我建议阅读这篇文章。文章解释说:
在交叉验证之前进行上采样时,您将选择最过采样的模型,因为过采样允许数据从验证折叠泄漏到训练折叠中。
相反,我们应该首先分成训练和验证折叠。然后,在每一折上,我们应该:
- 过采样少数类
- 在训练折叠上训练分类器
- 在剩余折叠上验证分类器
因此,为避免过度拟合,请尝试使用 imblearn make_pipeline 类,以便您可以将上采样作为交叉验证的一部分,如下所示:
kf = KFold(n_splits=5, random_state=42, shuffle=False)
# define parametres for hypertuning
params = {
'n_estimators': [50, 100, 200],
'max_depth': [4, 6, 10, 12],
'random_state': [13]
}
from imblearn.pipeline import Pipeline, make_pipeline
imba_pipeline = make_pipeline(SMOTE(random_state=42),
RandomForestClassifier(n_estimators=100, random_state=13))
cross_val_score(imba_pipeline, X_train, y_train, scoring='recall', cv=kf)

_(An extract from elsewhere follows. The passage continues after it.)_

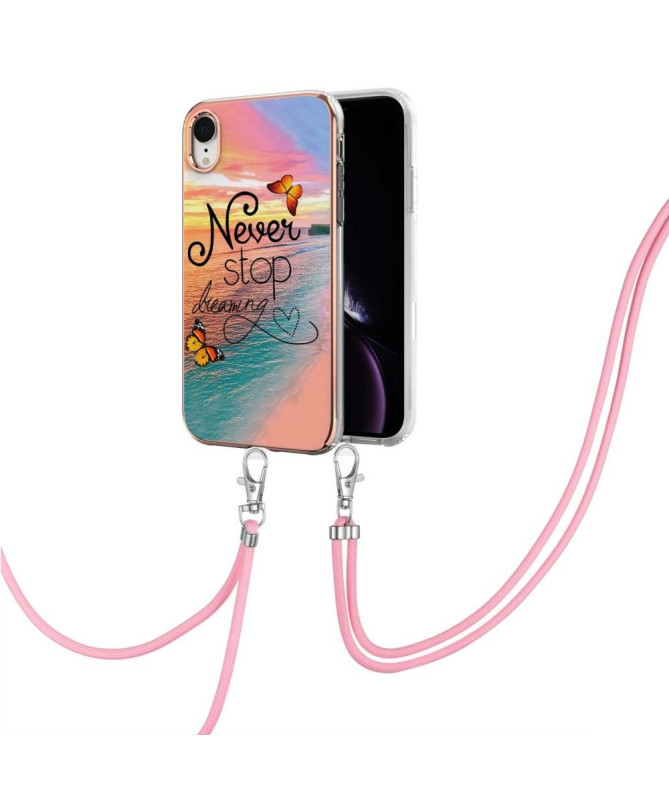 Coque iPhone XR à cordon Never Stop Dreaming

new_params = {'randomforestclassifier__' + key: params[key] for key in params}
grid_imba = GridSearchCV(imba_pipeline, param_grid=new_params, cv=kf, scoring='recall',
return_train_score=True)
grid_imba.fit(X_train, y_train);
# check recall on validation set
grid_imba.best_score_
# check recall on test set
y_test_predict = grid_imba.predict(X_test)
这将导致验证集召回是对测试集召回的良好估计。